------ DATA EXTRACTS
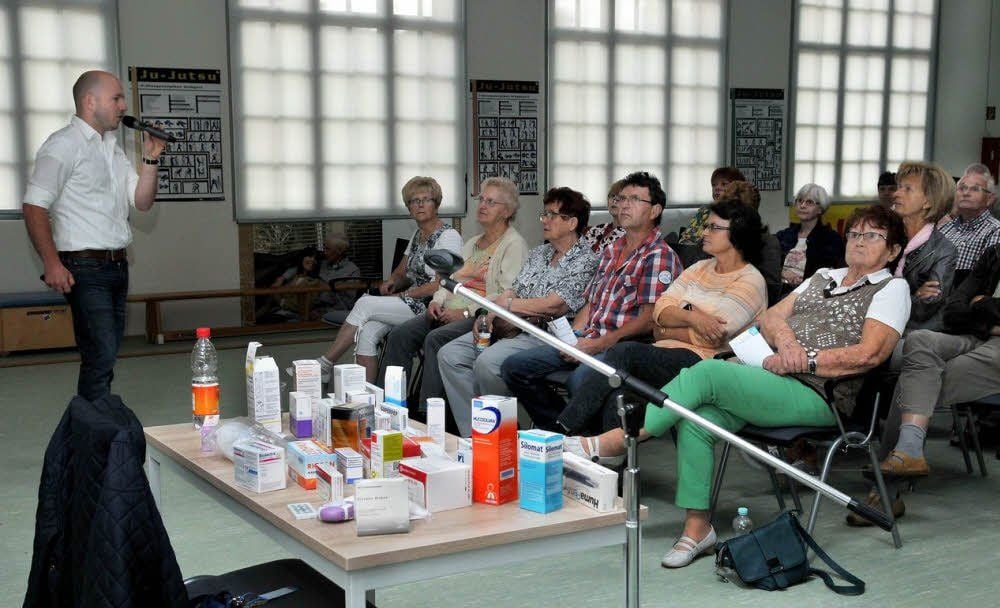 Apotheker Alexander Dathe (links) erklärt den knapp 100 Zuhörern, was sie bei der Einnahme von Medikamenten zu beachten haben.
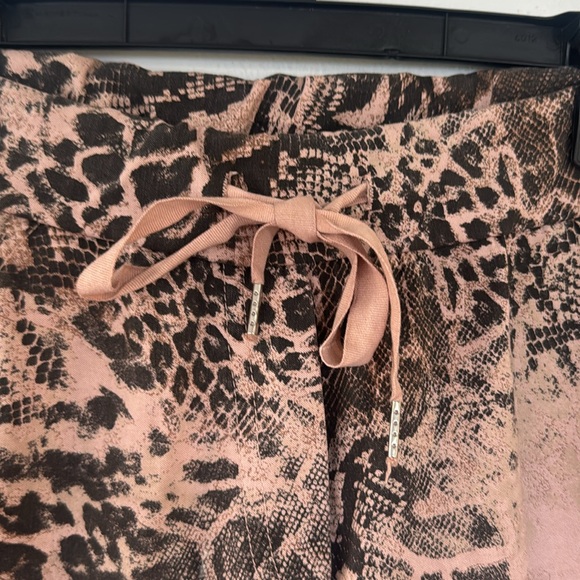 Blush pink Italian made leopard snake print casual tapered ankle pants L/XL - Picture 5 of 10
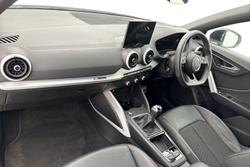 Audi Q2 Photo 2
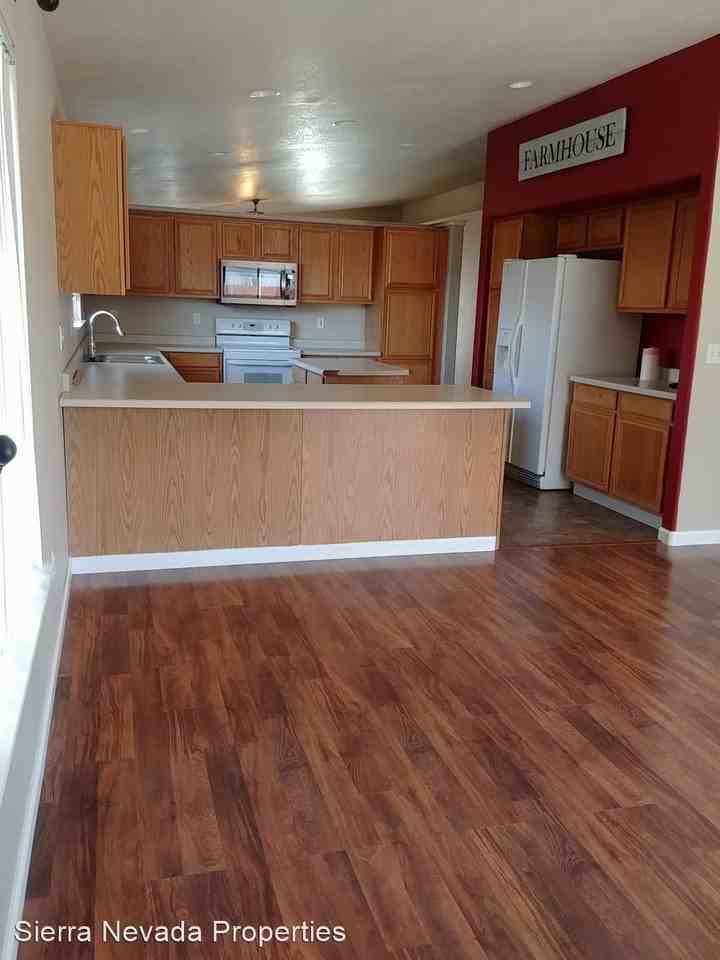 17616 Grand Valley Ct - Photo 3 of 21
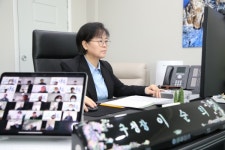 이순희 강북구청장, 동(洞) 화상회의로 민원 해결 ‘척척’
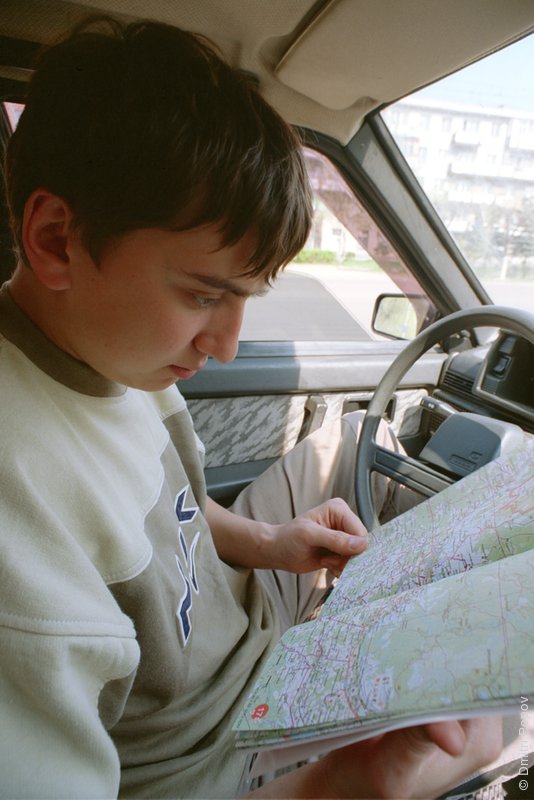 Игорь ищет дорогу по карте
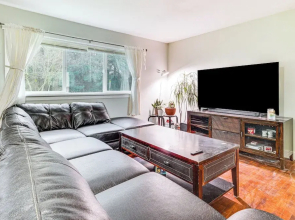14 Mi to Dtwn Seattle: Sleek Home w/ Large Yard
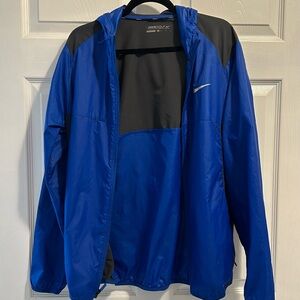 Nike Golf lightweight jacket. Size medium men’s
------------
Your answer should hold every record above, printed exactly and free of pictures.

-- REPLY --
 Apotheker Alexander Dathe (links) erklärt den knapp 100 Zuhörern, was sie bei der Einnahme von Medikamenten zu beachten haben.
 Blush pink Italian made leopard snake print casual tapered ankle pants L/XL - Picture 5 of 10
 Audi Q2 Photo 2
 17616 Grand Valley Ct - Photo 3 of 21
 이순희 강북구청장, 동(洞) 화상회의로 민원 해결 ‘척척’
 Игорь ищет дорогу по карте
14 Mi to Dtwn Seattle: Sleek Home w/ Large Yard
 Nike Golf lightweight jacket. Size medium men’s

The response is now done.